United States v. Pastor

8 M.J. 280 | United States Court of Military Appeals | 1980

Lead Opinion

*281 Opinion

COOK, Judge:

A general court-martial with members convicted the accused of indecent sexual acts with his stepdaughter, Jackie. We conclude that the trial judge erroneously denied a defense motion for a mistrial, and we set aside the conviction.

Declaration of a mistrial “is a drastic remedy” and should be granted only if manifestly necessary “ ‘to preserve the ends of . justice.’ ” United States v. Jeanbaptiste, 5 M.J. 374, 376 (C.M.A.1978). A ruling against an accused on a motion for a mistrial is reviewable on appeal. United States v. Krokroskia, 13 U.S. C.M.A. 371, 32 C.M.R. 371 (1962).

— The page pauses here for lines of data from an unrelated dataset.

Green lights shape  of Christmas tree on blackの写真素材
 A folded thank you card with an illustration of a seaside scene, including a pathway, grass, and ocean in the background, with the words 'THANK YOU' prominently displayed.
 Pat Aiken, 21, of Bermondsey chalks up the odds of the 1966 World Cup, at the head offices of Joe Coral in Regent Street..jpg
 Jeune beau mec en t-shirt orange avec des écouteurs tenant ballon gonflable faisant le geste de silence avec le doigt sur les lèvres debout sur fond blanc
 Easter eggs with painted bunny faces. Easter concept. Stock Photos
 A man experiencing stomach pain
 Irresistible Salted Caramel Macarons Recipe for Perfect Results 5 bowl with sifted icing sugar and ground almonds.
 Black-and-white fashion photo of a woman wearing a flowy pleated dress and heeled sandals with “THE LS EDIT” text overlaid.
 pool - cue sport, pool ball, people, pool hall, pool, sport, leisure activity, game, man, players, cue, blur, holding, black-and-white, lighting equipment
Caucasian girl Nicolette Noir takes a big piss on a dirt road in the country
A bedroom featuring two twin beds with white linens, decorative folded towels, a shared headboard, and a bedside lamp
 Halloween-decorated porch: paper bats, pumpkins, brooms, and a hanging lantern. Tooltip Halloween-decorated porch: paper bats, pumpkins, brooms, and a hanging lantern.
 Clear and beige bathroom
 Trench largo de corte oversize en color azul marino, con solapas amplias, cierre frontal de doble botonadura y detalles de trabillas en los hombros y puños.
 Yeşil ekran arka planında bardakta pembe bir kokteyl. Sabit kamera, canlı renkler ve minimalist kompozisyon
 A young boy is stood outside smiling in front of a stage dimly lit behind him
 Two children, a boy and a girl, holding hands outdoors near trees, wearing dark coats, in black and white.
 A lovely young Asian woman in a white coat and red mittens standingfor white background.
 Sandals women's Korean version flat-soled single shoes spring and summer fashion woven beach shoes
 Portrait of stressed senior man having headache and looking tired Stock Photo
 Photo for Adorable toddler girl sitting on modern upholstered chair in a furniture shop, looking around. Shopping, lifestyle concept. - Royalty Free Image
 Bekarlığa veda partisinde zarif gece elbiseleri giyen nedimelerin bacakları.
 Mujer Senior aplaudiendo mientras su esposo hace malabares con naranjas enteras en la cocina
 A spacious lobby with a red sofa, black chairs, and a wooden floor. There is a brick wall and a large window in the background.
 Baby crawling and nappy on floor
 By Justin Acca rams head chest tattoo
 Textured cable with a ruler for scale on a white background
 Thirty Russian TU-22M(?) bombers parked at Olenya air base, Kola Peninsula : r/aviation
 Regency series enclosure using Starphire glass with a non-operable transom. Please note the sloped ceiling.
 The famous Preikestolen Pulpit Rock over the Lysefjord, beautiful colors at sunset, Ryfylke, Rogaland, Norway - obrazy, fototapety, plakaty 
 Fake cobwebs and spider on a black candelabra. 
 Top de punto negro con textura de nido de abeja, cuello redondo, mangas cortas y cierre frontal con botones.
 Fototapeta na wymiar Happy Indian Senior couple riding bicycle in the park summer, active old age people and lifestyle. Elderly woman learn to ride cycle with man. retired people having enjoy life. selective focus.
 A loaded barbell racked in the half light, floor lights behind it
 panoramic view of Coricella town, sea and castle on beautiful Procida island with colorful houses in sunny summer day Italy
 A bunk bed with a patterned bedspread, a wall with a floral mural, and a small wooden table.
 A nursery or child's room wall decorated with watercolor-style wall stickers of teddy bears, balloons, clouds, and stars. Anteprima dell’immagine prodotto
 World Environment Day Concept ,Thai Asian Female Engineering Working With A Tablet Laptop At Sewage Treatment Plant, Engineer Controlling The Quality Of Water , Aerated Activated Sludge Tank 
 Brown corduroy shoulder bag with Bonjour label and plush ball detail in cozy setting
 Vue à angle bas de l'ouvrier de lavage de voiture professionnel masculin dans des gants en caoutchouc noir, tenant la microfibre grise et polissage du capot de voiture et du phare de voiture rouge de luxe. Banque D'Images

The motion for a mistrial was predicated upon testimony by the accused’s wife, who is the mother of Jackie and who testified for the Government. The first portion of her testimony alleged by defense counsel to be irreparably prejudicial consisted of two statements to her by Jackie that were disclosed in a rambling, narrative answer to one of a series of questions based upon a question by a court member during the Government’s direct case. The second part of her testimony challenged by counsel was a portion of an answer to a question by the trial judge, during the Government’s rebuttal case, in which Mrs. Pastor recounted a statement to her by Johnny, her young son.1

Appellate government counsel concede that Johnny’s statement was improperly before the court members, but they contend that Jackie’s statements were properly admitted “to explain . . . how . [Mrs. Pastor] first became aware of the alleged indecent acts.” However, no ground of admissibility was advanced at trial except fresh complaint, and no instruction was given as to the purpose for which the evidence could be considered. In United States v. Rener, 17 U.S.C.M.A. 65, 70, 37 C.M.R. 329, 334 (1967), this Court observed that “evidence accepted [at trial] for one purpose may [not] be used by an appellate” tribunal “as though admitted for a different purpose,” especially when the newly advanced purpose “is so obscure and artificial” that it was unlikely to have been perceived by “uninstructed court members.” The admissibility of Jackie’s statements, therefore, must stand or fall on whether they were received as evidence of fresh complaint.

Mrs. Pastor’s expected testimony was considered at an Article 39(a)2 session about a week before the trial. At that time, to avoid serious risk that “the jury [might be] prejudiced,” defense counsel asked for a ruling as to the admissibility of statements by Jackie to both Mrs. Pastor and to her “best friend,” Loretta. Both Loretta and Mrs. Pastor were called to testify as to the nature of the statements and the circumstances under which they were made.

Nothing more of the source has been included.